* WHAT THIS TASK INVOLVES
Pictures stay out of the output. Return exactly the lines below from the one with "lb USA Black" down to the one with "Robin Rief online", both included, and nothing more.

--- DATASET ENTRIES Enclosed Below ---

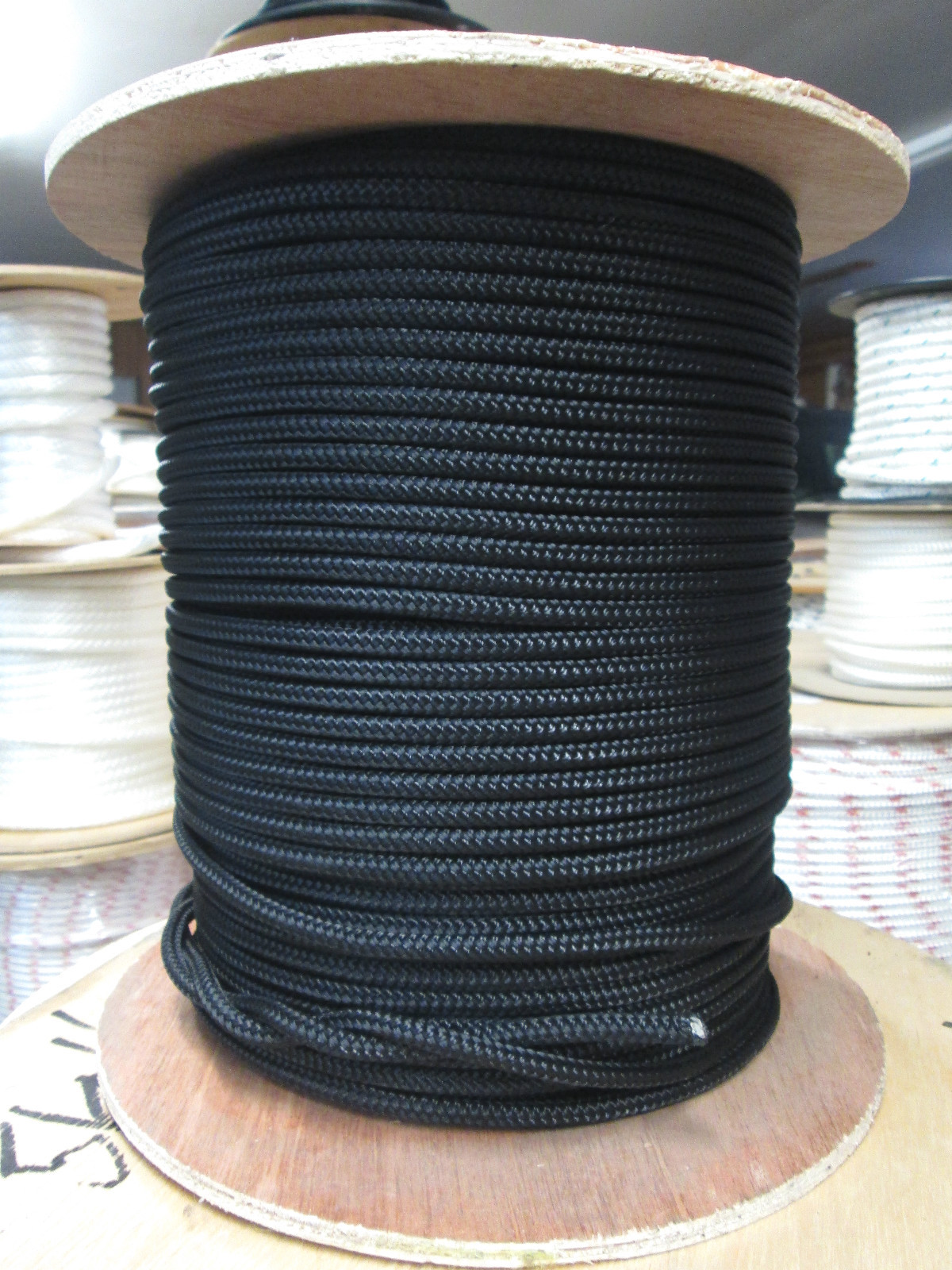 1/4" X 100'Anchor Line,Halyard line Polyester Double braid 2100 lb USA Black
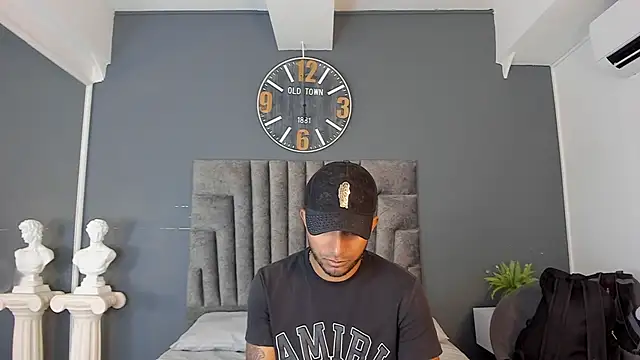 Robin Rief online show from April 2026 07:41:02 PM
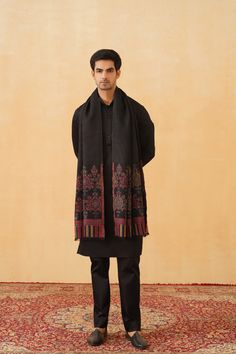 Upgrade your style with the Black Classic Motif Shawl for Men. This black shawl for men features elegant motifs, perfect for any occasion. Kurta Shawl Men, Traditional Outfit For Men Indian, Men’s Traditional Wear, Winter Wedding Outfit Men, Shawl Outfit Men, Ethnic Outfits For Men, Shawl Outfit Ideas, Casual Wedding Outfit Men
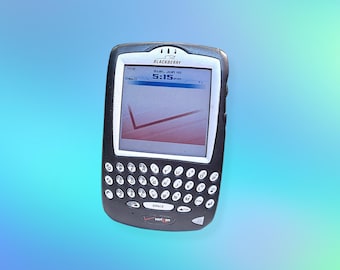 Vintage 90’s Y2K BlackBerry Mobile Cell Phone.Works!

--- End of Enclosed DATASET ENTRIES ---
--- DATASET ENTRIES Enclosed Below ---

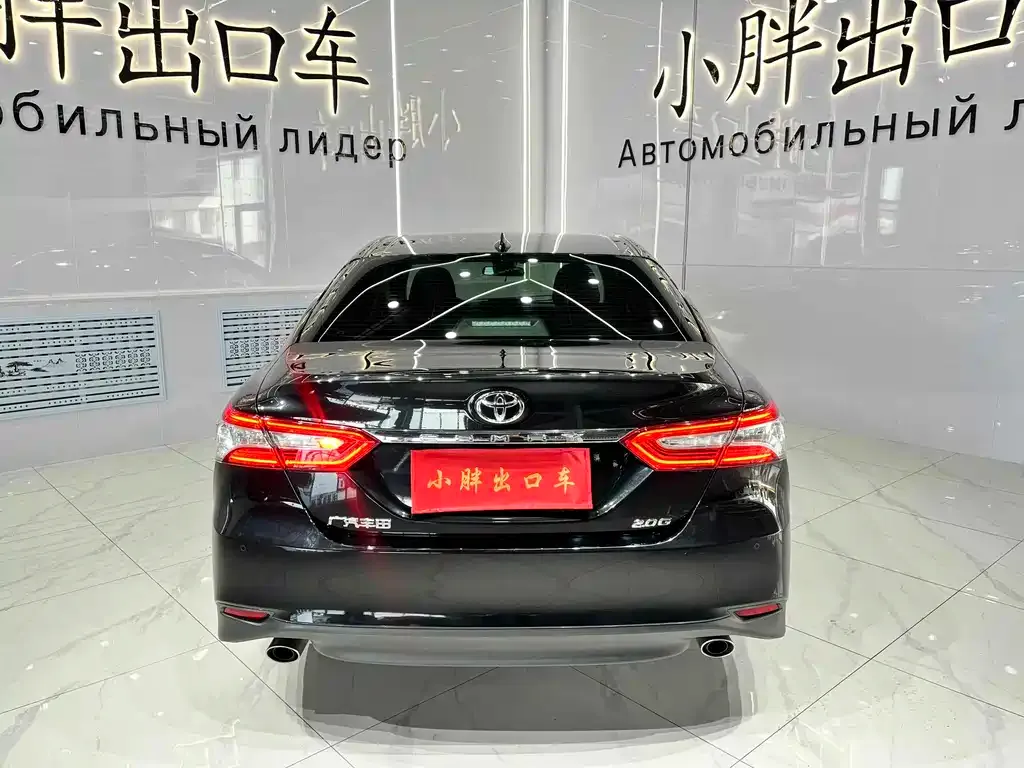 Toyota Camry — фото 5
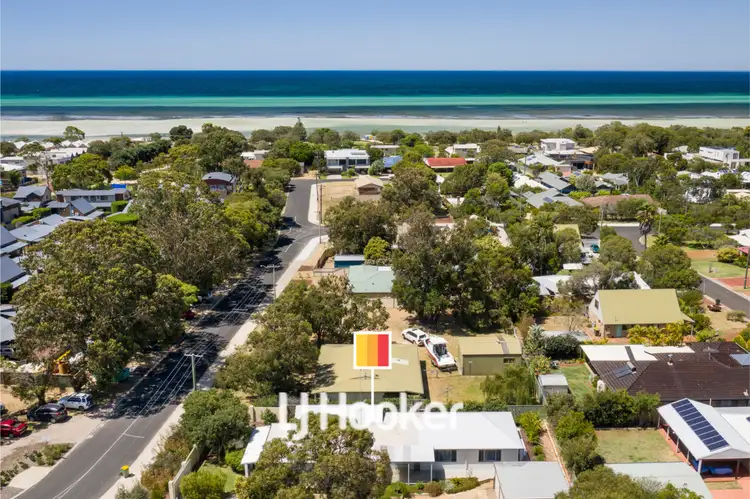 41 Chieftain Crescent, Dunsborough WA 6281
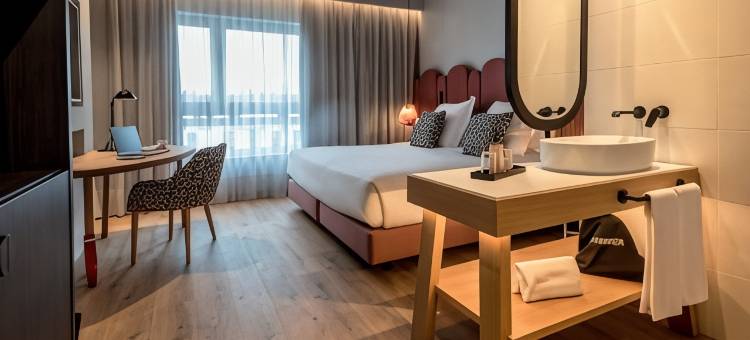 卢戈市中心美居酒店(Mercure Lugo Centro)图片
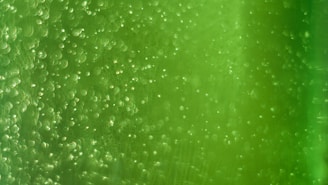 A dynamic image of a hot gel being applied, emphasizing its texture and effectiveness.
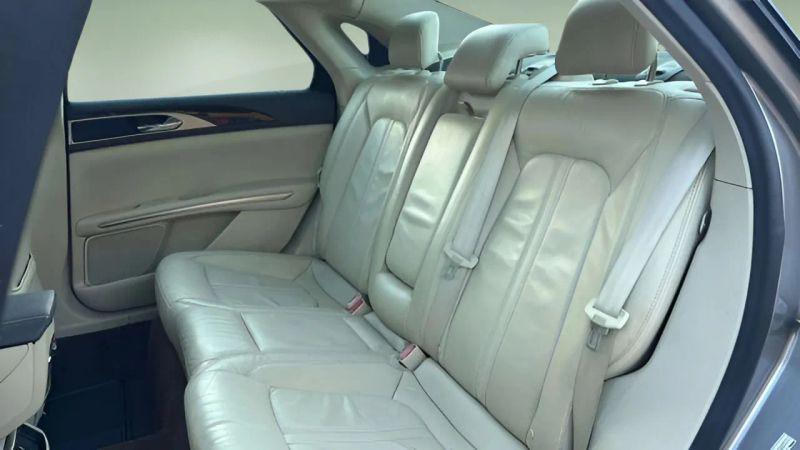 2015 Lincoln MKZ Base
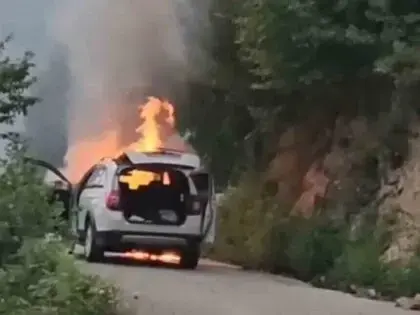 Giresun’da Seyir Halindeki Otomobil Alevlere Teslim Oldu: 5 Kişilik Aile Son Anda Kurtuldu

--- End of Enclosed DATASET ENTRIES ---
--- DATASET ENTRIES Enclosed Below ---

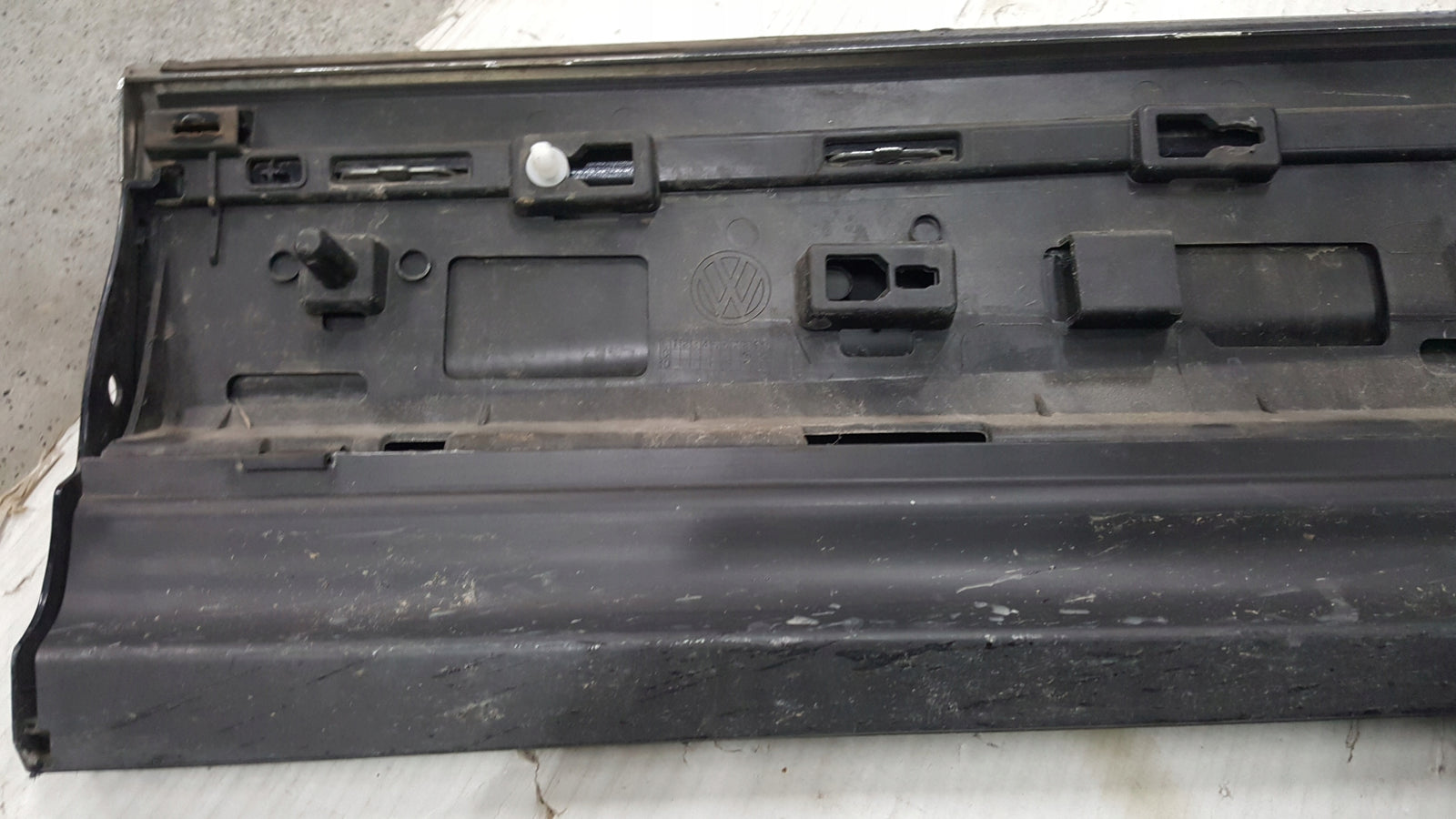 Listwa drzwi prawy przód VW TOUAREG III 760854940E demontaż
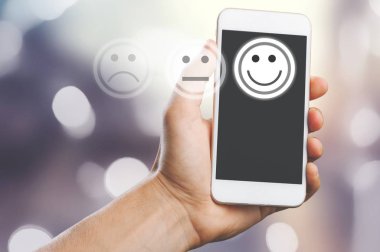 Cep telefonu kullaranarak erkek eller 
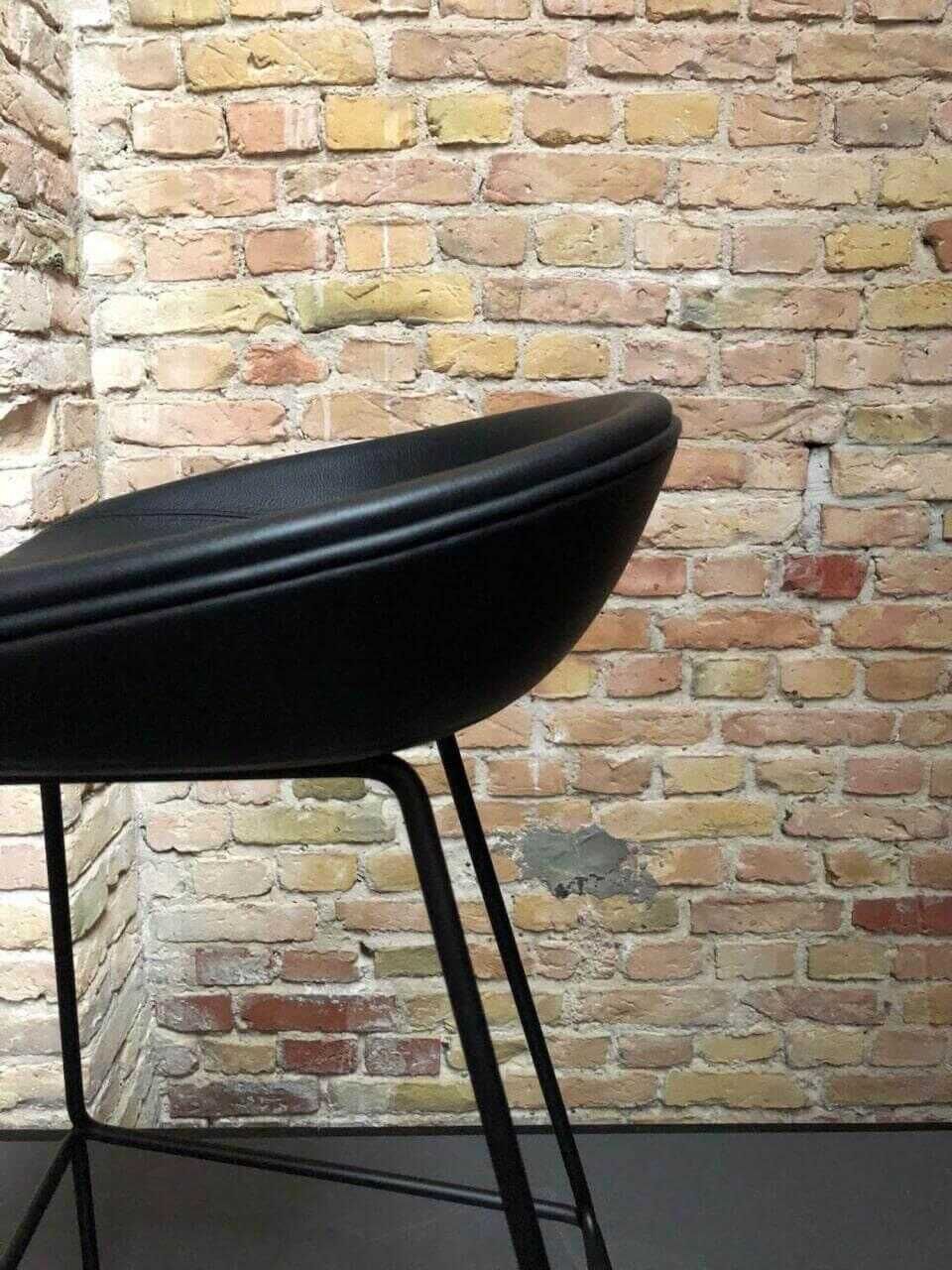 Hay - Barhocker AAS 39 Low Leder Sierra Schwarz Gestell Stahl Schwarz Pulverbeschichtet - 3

--- End of Enclosed DATASET ENTRIES ---

* ANSWER TO THIS PROBLEM
 1/4" X 100'Anchor Line,Halyard line Polyester Double braid 2100 lb USA Black
 Robin Rief online show from April 2026 07:41:02 PM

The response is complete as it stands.